▼

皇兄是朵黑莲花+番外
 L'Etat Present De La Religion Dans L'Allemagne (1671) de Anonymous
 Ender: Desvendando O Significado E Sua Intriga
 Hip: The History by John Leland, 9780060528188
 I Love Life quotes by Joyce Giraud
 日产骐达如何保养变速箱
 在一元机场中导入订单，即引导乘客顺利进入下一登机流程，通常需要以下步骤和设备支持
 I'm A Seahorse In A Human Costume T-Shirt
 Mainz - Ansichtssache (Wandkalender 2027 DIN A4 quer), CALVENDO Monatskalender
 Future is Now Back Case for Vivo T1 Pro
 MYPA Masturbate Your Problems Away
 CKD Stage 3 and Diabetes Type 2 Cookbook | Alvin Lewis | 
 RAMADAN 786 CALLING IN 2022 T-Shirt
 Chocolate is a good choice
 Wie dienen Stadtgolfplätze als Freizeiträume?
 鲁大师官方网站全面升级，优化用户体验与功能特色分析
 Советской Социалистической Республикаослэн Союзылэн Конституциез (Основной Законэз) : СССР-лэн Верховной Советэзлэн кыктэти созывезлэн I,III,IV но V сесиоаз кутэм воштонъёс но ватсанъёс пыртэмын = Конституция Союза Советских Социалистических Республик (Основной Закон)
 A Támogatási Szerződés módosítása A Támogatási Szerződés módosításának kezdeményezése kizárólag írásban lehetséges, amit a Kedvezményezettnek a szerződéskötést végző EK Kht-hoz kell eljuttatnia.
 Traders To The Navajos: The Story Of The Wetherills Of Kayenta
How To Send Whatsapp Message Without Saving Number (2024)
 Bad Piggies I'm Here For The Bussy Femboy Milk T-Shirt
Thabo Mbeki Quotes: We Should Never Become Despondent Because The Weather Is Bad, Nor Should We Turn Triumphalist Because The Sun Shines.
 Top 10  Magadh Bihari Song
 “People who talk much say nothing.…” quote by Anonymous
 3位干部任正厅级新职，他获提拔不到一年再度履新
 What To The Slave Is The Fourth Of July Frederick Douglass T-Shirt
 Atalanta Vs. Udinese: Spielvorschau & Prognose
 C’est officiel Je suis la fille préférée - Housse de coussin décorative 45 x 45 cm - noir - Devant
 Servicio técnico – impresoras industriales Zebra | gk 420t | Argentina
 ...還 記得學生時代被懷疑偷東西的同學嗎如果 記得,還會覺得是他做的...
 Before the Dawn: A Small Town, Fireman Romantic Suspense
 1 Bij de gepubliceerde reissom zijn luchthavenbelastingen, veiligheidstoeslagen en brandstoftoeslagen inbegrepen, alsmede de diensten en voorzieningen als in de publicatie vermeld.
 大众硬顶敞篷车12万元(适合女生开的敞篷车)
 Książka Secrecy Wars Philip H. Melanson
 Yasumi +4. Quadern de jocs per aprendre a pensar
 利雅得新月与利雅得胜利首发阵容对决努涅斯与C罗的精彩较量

▲

Task instructions>
Report each line in the data above that holds the word "Anonymous" by copying it.

Task response>
 L'Etat Present De La Religion Dans L'Allemagne (1671) de Anonymous
 “People who talk much say nothing.…” quote by Anonymous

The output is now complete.